The page describing the connections suggests to give up the clock, but I already had it from the previous project, so I connected it. It is enough to properly connect to the I2C output and set the module model in config.h (at the configuration generation stage). 

Power

To work, the controller needs voltage in various ranges for the microcontroller and the CNC. 12V is in both of these ranges. I have a 5A power supply and a 9AH battery, so I chose this power supply. I connected everything to the 5,5 / 2,1 plug on the housing. 

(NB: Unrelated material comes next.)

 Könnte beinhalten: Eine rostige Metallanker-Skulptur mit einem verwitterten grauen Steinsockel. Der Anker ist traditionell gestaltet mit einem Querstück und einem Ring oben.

Parameter Configuration and Generator

The OnStep configuration is stored in the config.h file. Manual modification is tedious. Fortunately, there is a configuration generator page from which you can generate our file. The procedure is as follows:
  1. In the excel document (download here) you need to set the parameters of the drives.
  2. The data must be filled in on the Configuration Generator page  . Some must be copied from the fields listed in excel.
  3. Press "Generate"
  4. Replace the downloaded file with the config.h file in the OnStep directory.
  5. That's all point 7 in the chapter below.
Several values ​​need to be explained.
    
    Excel:
  1. Stepper-Steps - the number of steps per revolution of the stepper motor. I have 200. 
  2. AXIS1_DRIVER_MICROSTEPS - microsteps set for tracking to RAMPS. For me 32. 
  3. GR1 - gear ratio on gears or planetary gear. For DEC, I have 60 teeth out of 20, which is a value of 3. For RA, I have 40 teeth out of 16, which is a value of 2.5.
  4. GR2 - the number of full revolutions of the telescope micromovement knob for 360 degrees rotation of the telescope tube in a given axis. If you do not find these parameters for your assembly in Net, it only remains to measure it empirically. For example, set the tube vertically (a spirit level will be useful) and rotate it until it reaches the level. Then you need to multiply it by 4. For my CG-4 these are: RA = 130, DEC = 64
  5. SLEW_RATE_BASE_DESIRED - expected tube speed in fast mode (in ° / s). If you give too high a value, the equipment may not be able to cope or the motors will work loudly. At the moment I am giving 1. It seems to me a good compromise between volume and speed.

    Generator:

  1. MICROSTEPS_GOTO - microsteps for fast motor movement. For me 2.
  2. Automatically Start Tracking  - useful when we test the motors and we do not have the ability to control the telescope's movements yet. But then it's better to turn it off.
    Additionally, I changed in the generated config.h:
    • MFLIP_SKIP_HOME  to ON, thanks to which it does not return to the starting position when changing the position at a long time
    • PIER_SIDE_PREFERRED_DEFAULT on EAST. I perform the tests on the balcony and I prefer the telescope to always be positioned on one side of the mount, in my case the eastern one.

Installing the software

Detailed instructions for installing OnStep on ESP32 + CNC3 are  here . In short, you should:

  1. Install the Arduino IDE
  2. Download the OnStep code from  GITHUB  by selecting Code -> Download ZIP
  3. Unpack it to some directory and open OnStep.ino in IDE
  4. Add in File-> Preferences "Additional Boards Manager URLs" the value "https://dl.espressif.com/dl/package_esp32_index.json" (if there was something, add a comma)
  5. In Tools> Board> Boards Manager to install ESP32
  6. Set in the menu Tools-> Board-> ESP32 Dev Module
  7. Select the port that will appear after connecting the board to USB (the number can be checked in the Device Manager)
  8. Overwrite the config.h file generated in the chapter above.
  9. If you do not have a library for RTC DS3231 by default, you will get an error. Go to Sketch-> Include library-> Manage Libraries and search for 'RTC by Makuna' on the list of available libraries and install.
  10. Press "Upload" and wait for the message that it was successful.

Communication

There are 4 ways to connect to OnStep.

1.  USB cable  connected to Wemos D1 R32 port. In my case, this is how I connect to Astroberry on the Raspberry PI 4B, which is running the Indi server. 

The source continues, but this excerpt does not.